Ekspert uważa, że bardzo trafnym posunięciem Andrzeja Dudy, które wyprowadziło Komorowskiego z równowagi, było postawienie na samym początku debaty chorągiewki z logo Platformy Obywatelskiej na pulpicie Bronisława Komorowskiego. Niewątpliwie zaskoczyła mnie flaga. To był strzał w moim przekonaniu mistrzowski. Szczególnie, że zaskoczył wszystkich, bo i Komorowski musiał szybko tę flagę oddać Monice Olejnik, Monika Olejnik musiała ją postawić na podłodze. Nie chciałbym daleko idących wniosków wyciągać, ale może to było symboliczne - powiedział Gacek.

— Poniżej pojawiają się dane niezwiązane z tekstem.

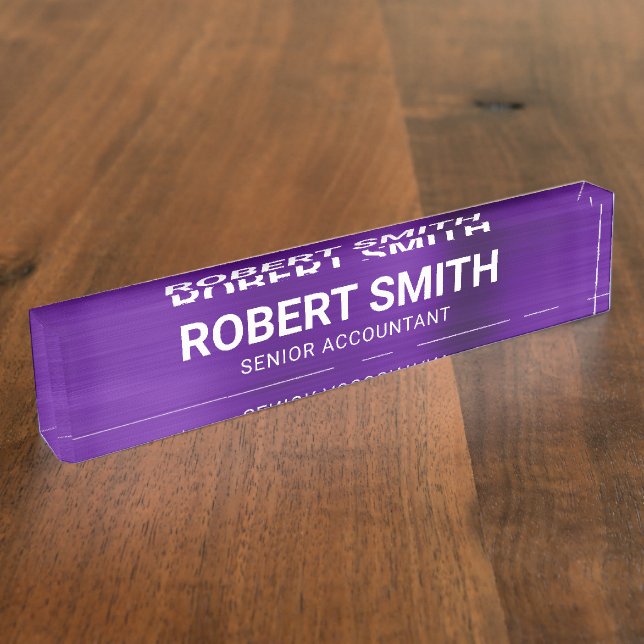 Placa De Nombre Relieve metalizado Metalizado de Indigo Purple Fau (Lateral)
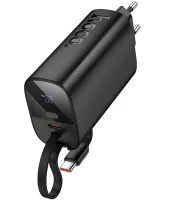 Сетевое зарядное устройство Hoco J148 PD20W Power Bank 5000 mAh портативный внешний аккумулятор Type-C повербанк с кабелем и адаптером для зарядки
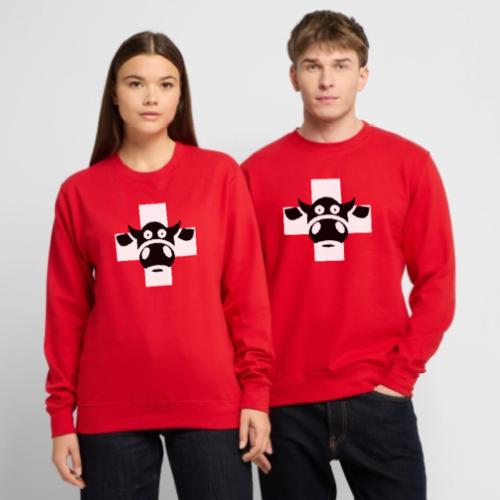 Schweizerkreuz mit Kuh - Unisex Pullover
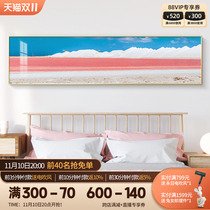 Long time no see modern simple bedroom bedside painting background wall long strips and cross-stage landscape painting living room murals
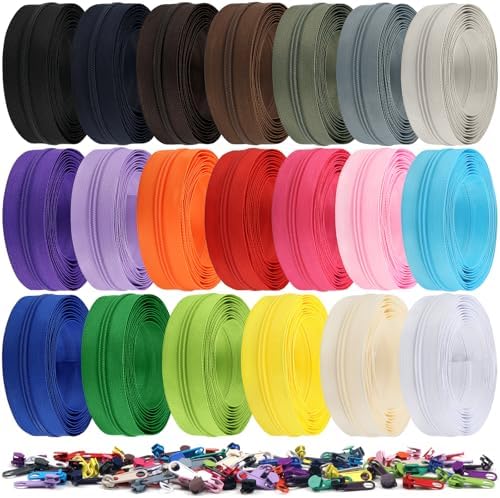 DOITEM 62 Yards 20 Pieces Sewing Zippers #3 Nylon Coil Zippers Assorted Zipper for Sewing with 80 Zipper Sliders for DIY Tailor Sewing Crafts Supplies, 20 Color
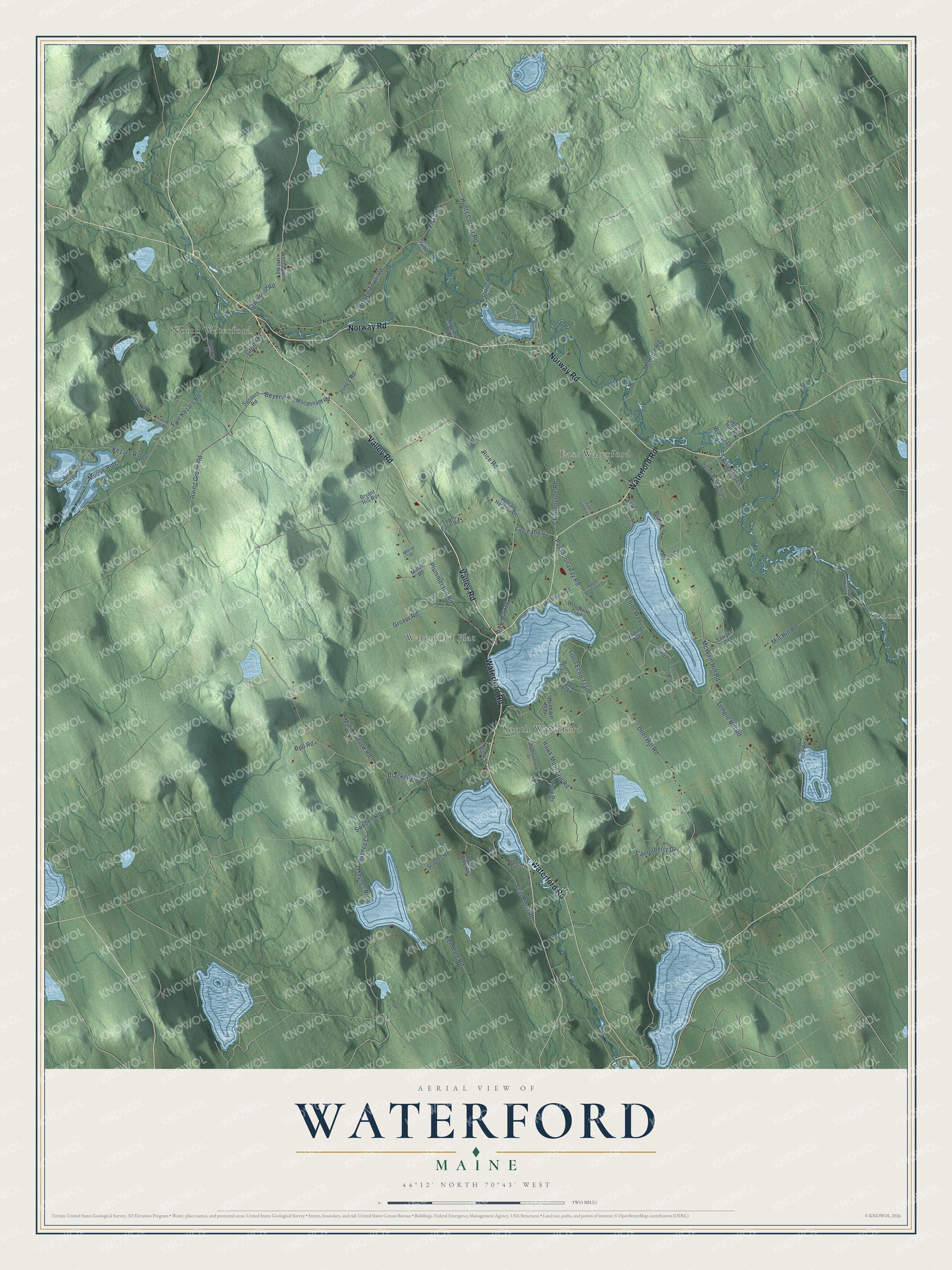 Protected watermarked complete map of Waterford, Maine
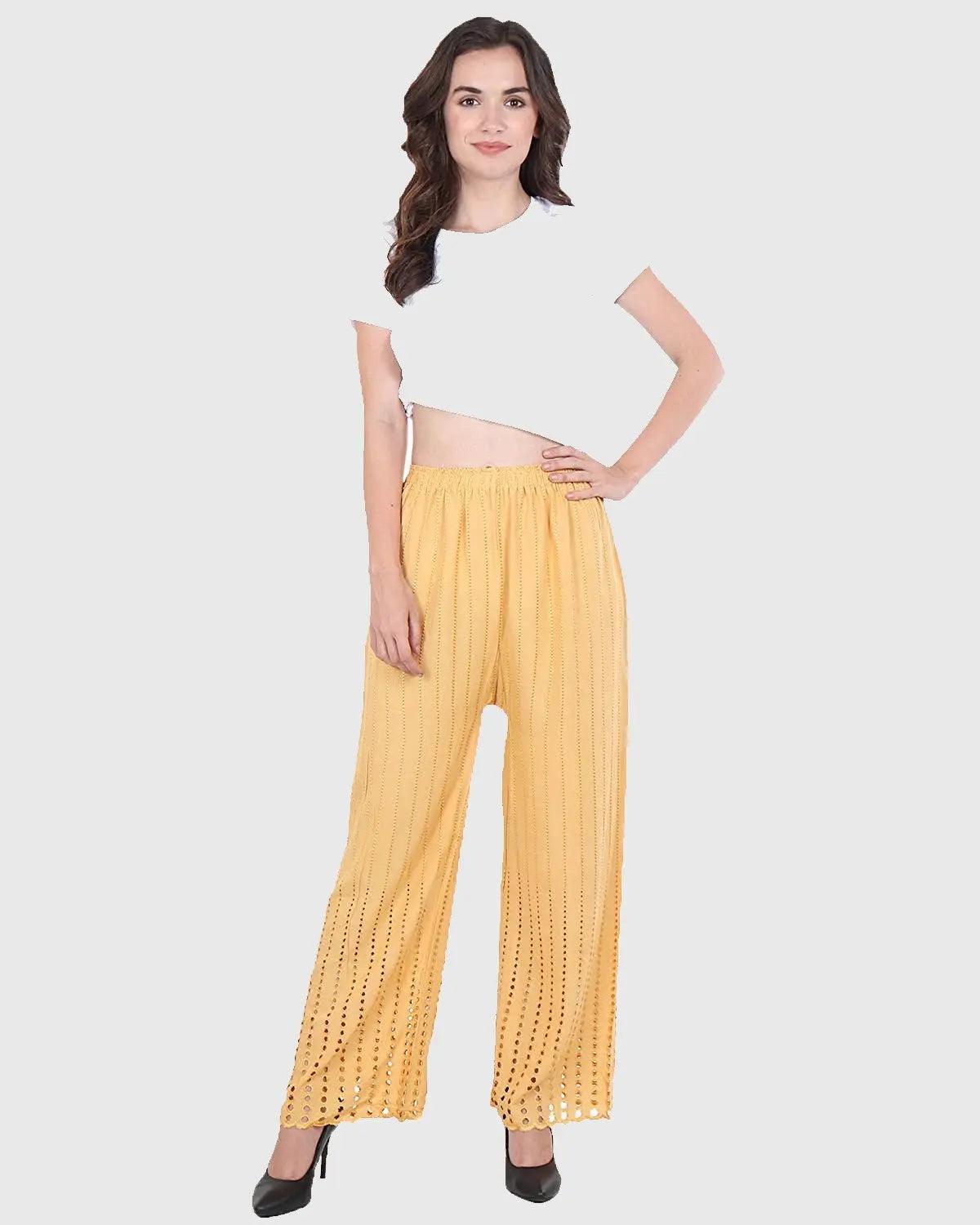 Women's Beige Chicken Rayon Palazzo Flaired Pants wrinkle free Default Title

Dr Marcin Gacek zwrócił uwagę, że przyjęcie zaproszenia przez Dudę do debaty w TVN uwiarygadnia go w oczach wyborców. To tak, jakby Komorowski przyjął zaproszenie do Kukiza albo do Radia Maryja - porównał Gacek.

"Przegrali widzowie"

Był remis, a właściwie przegrali widzowie, bo faktycznie to był pojedynek bokserski, klincz, w którym żaden z zawodników nie zyskał przewagi, a stracili widzowie - ocenił z kolei dr hab. Norbert Maliszewski, specjalista ds. marketingu politycznego z UW. Według niego debata telewizyjna sprowadziła się do sporu czysto personalnego, pojedynku bokserskiego, adresowanego głównie do twardego elektoratu partyjnego. Wydaje się, że to te plemiona partyjne i ich mobilizacja w niedzielę rozstrzygną wynik wyborów - zaznaczył naukowiec.

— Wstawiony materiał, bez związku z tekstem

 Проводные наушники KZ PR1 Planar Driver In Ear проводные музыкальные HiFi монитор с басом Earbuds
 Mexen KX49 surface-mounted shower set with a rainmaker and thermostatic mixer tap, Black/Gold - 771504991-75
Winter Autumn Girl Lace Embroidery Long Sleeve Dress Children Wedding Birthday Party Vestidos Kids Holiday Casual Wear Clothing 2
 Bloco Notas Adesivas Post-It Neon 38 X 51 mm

Debata - jego zdaniem - odbyła się głównie w sferze wizerunkowej - "prezydent Bronisław Komorowski pokazał lepszą formę, niż oczekiwano, a Andrzej Duda był nie gorszy". Widzowie nie dowiedzieli się niczego nowego, nie poznali żadnych nowych poglądów, nie narzucono jakiejś nowej narracji i sposobu widzenia problemów w Polsce - zauważył Maliszewski.

W jego ocenie kandydat PiS odrobił lekcję z pierwszej debaty - lepiej się przygotował, teraz miał być "bardziej energiczny, miał mieć pasję". Specjalista od marketingu politycznego zwrócił uwagę, że ten wizerunek sprowadził się zarówno do chwytów politycznych, jak przekazanie kontrkandydatowi flagi Platformy Obywatelskiej, jak i zagrań marketingowych związanych z obietnicami cofnięcia reform, np. emerytalnej.

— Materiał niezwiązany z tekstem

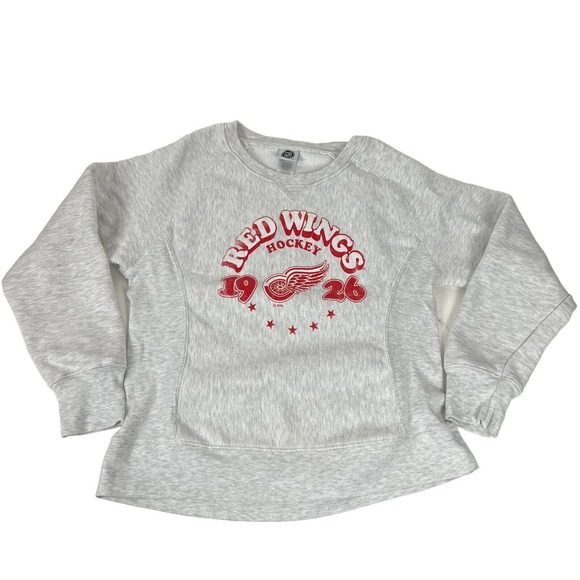 Detroit Red Wings Sweatshirt Womens Extra Large Gray Crew Neck NHL Hocky Logo - Picture 1 of 9
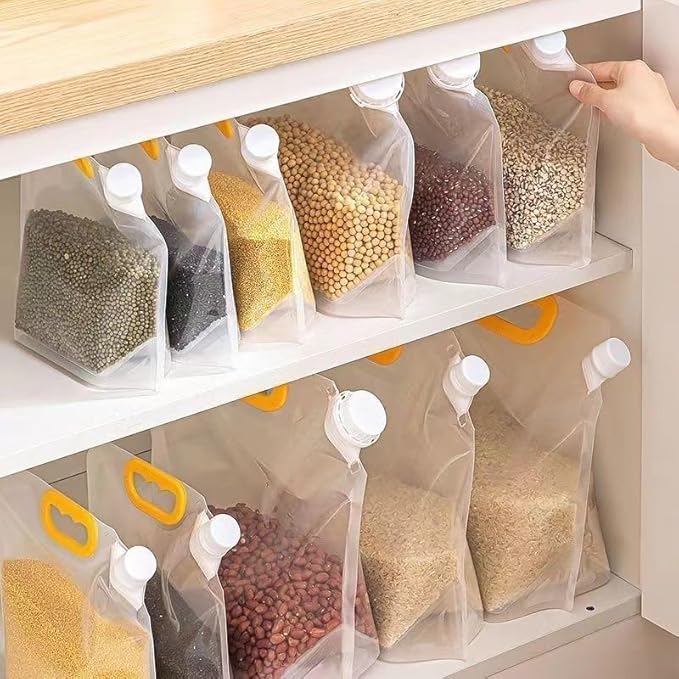 6pcsFood Storage Bags, Grain Moisture-proof Sealed Bag,Stand Up Food Bags Large Reusable Sealed Bag with Handle and Cap BPA Free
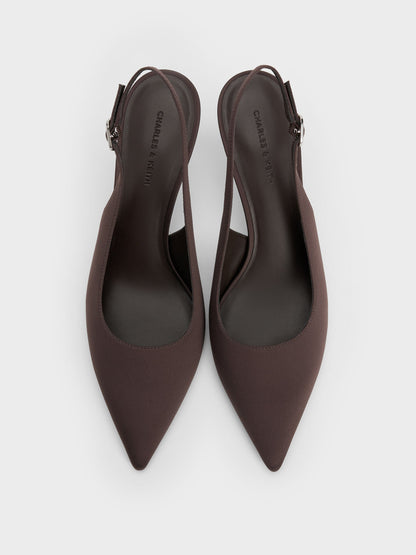 Kaia Satin Slingback Pumps - Dark Brown Textured | CHARLES & KEITH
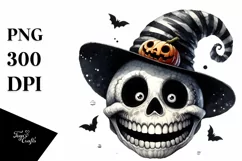 Funny Watercolor Halloween Skull with Goofy Smile Product Image 1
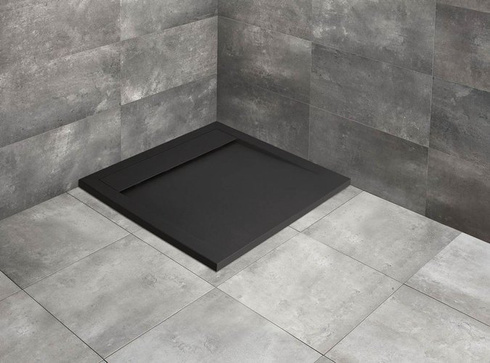 Brodzik czarny z konglomeratu Radaway Teos C 80x80 HTC8080-54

Maliszewski ocenił, że Duda "przekroczył cienką linię - jego energia za bardzo związana była z nerwowością: drżał mu głos, czasami wypowiadał się w stylu, który czynił go pretendentem, ale aroganckim". Cel, aby nie przegrać w tej debacie i mobilizować swoich wyborców, Andrzej Duda zrealizował, ale zabrakło jakichś gestów zwróconych w stronę wyborców Pawła Kukiza, co wydawało się, że będzie zabiegiem naturalnym, bo tę przewagę Dudzie mógłby dać elektorat antysystemowy - zauważył naukowiec z Uniwersytetu Warszawskiego.

Takich gestów skierowanych do obcego elektoratu - jego zdaniem - zabrakło też w wystąpieniach prezydenta Komorowskiego. Podobnie jak Andrzej Duda Komorowski też mobilizował i budował morale swojego elektoratu. Jedyna rzecz odnosząca się do wyborców wahających to wystąpienie na końcu, że wybory to nie jest randka w ciemno - ocenił Maliszewski.

Być może prezydent Komorowski starał się wygrywać doświadczeniem, opanowaniem i spokojem, ale zdaje się, że odbiorcy czasami punktują i dobrze odbierają taką dominację w przebiegu debaty, tzn. jeśli wcześniej był oskarżany o to, że nie ma energii, jest ospały i zbyt jowialny, to mógł tutaj zaryzykować i przygotować jakieś nowe argumenty - zaznaczył.